◆ **DATASET EXCERPTS**:
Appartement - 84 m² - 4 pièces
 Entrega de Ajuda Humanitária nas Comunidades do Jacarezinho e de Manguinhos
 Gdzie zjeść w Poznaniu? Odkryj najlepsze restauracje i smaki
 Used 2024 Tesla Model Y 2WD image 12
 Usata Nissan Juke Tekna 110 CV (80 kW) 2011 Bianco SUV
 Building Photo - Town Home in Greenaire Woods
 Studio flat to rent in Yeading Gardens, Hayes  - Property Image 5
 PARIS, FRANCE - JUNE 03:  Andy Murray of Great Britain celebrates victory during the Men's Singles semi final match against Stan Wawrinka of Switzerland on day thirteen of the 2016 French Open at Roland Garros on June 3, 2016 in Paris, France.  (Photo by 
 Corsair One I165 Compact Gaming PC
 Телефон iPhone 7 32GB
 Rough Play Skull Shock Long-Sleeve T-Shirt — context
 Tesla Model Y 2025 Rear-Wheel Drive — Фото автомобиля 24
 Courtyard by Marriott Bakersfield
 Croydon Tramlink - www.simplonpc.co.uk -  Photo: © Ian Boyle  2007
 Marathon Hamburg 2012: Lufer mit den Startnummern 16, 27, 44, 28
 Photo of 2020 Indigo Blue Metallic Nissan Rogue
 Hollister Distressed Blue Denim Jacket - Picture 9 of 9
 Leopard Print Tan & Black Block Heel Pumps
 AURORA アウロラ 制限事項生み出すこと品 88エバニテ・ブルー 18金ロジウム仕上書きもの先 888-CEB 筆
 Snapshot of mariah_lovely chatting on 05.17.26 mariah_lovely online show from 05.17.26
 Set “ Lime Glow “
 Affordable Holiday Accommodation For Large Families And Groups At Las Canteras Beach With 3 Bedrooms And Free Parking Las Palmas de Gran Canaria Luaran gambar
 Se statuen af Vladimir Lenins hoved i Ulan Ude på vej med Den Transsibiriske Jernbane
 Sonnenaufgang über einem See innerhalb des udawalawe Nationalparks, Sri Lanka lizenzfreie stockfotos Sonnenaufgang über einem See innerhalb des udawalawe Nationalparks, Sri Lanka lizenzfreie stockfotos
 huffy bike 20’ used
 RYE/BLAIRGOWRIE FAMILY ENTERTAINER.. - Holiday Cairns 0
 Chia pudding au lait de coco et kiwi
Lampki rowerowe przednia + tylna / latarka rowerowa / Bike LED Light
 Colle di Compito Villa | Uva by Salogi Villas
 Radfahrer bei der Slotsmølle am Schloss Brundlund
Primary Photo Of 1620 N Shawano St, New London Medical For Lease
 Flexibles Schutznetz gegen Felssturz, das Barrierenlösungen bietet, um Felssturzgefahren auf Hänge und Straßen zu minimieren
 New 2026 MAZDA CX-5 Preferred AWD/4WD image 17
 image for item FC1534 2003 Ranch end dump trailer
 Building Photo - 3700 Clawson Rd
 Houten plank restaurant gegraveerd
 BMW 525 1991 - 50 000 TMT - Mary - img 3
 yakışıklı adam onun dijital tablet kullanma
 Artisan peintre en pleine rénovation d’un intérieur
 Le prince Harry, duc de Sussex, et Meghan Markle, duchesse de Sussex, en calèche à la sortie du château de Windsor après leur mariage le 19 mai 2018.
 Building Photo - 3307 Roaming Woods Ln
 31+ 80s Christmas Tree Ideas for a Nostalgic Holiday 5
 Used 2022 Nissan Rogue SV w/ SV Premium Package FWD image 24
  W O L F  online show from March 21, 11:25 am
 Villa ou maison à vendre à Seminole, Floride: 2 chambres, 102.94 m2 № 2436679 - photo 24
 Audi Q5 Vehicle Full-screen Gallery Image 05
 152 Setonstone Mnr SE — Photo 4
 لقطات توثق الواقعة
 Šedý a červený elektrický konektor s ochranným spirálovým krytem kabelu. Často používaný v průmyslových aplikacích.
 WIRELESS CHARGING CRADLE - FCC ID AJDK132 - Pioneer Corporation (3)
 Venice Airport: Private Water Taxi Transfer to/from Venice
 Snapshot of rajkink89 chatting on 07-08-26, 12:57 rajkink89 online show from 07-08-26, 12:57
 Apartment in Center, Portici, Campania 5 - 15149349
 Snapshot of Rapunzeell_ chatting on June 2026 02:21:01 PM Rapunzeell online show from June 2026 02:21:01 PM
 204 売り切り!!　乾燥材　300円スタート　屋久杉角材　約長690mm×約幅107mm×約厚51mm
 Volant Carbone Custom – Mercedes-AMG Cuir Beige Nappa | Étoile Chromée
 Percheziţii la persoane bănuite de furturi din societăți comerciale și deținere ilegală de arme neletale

◆ **WHAT YOU NEED TO DO**: Set down the line that contains "Houten plank restaurant gegraveerd" exactly. Do the same for each later line of the data, through the end, and add nothing.

◆ **RESULT FOR THIS EXERCISE**:
 Houten plank restaurant gegraveerd
 BMW 525 1991 - 50 000 TMT - Mary - img 3
 yakışıklı adam onun dijital tablet kullanma
 Artisan peintre en pleine rénovation d’un intérieur
 Le prince Harry, duc de Sussex, et Meghan Markle, duchesse de Sussex, en calèche à la sortie du château de Windsor après leur mariage le 19 mai 2018.
 Building Photo - 3307 Roaming Woods Ln
 31+ 80s Christmas Tree Ideas for a Nostalgic Holiday 5
 Used 2022 Nissan Rogue SV w/ SV Premium Package FWD image 24
  W O L F  online show from March 21, 11:25 am
 Villa ou maison à vendre à Seminole, Floride: 2 chambres, 102.94 m2 № 2436679 - photo 24
 Audi Q5 Vehicle Full-screen Gallery Image 05
 152 Setonstone Mnr SE — Photo 4
 لقطات توثق الواقعة
 Šedý a červený elektrický konektor s ochranným spirálovým krytem kabelu. Často používaný v průmyslových aplikacích.
 WIRELESS CHARGING CRADLE - FCC ID AJDK132 - Pioneer Corporation (3)
 Venice Airport: Private Water Taxi Transfer to/from Venice
 Snapshot of rajkink89 chatting on 07-08-26, 12:57 rajkink89 online show from 07-08-26, 12:57
 Apartment in Center, Portici, Campania 5 - 15149349
 Snapshot of Rapunzeell_ chatting on June 2026 02:21:01 PM Rapunzeell online show from June 2026 02:21:01 PM
 204 売り切り!!　乾燥材　300円スタート　屋久杉角材　約長690mm×約幅107mm×約厚51mm
 Volant Carbone Custom – Mercedes-AMG Cuir Beige Nappa | Étoile Chromée
 Percheziţii la persoane bănuite de furturi din societăți comerciale și deținere ilegală de arme neletale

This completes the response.